2

I'm having trouble to speed up the following function and reading through various "How to vectorize in Matlab/Octave" unfortunatelly has not helped me on this specific topic.

Here is what I want to achieve: I have a set of 2d sample points (given as x-y-coordinate pairs) and a set of line segments (also x-y-coordinate pairs).
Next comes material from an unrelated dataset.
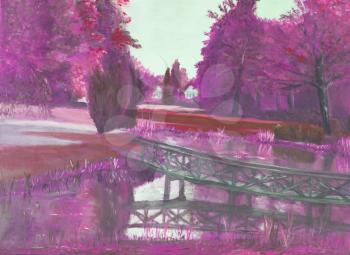 Oil Painting - autumn forest with a pond and bridge over the pond, pink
The points are approximately near the lines and I want to get the distance from each of the sample points to the nearest line segment, BUT only if I can project the sample perpendicular onto the line segment.

So while I have managed to put the algorithm into a nested for-loop and it gives me the correct result for the appended example, it is incredibly slow (as expected) for real datasets (about 4000 sample points and 6000 line segments) and besides, looks really ugly.

Can anyone help me to create a more sophisticated version of this piece of code?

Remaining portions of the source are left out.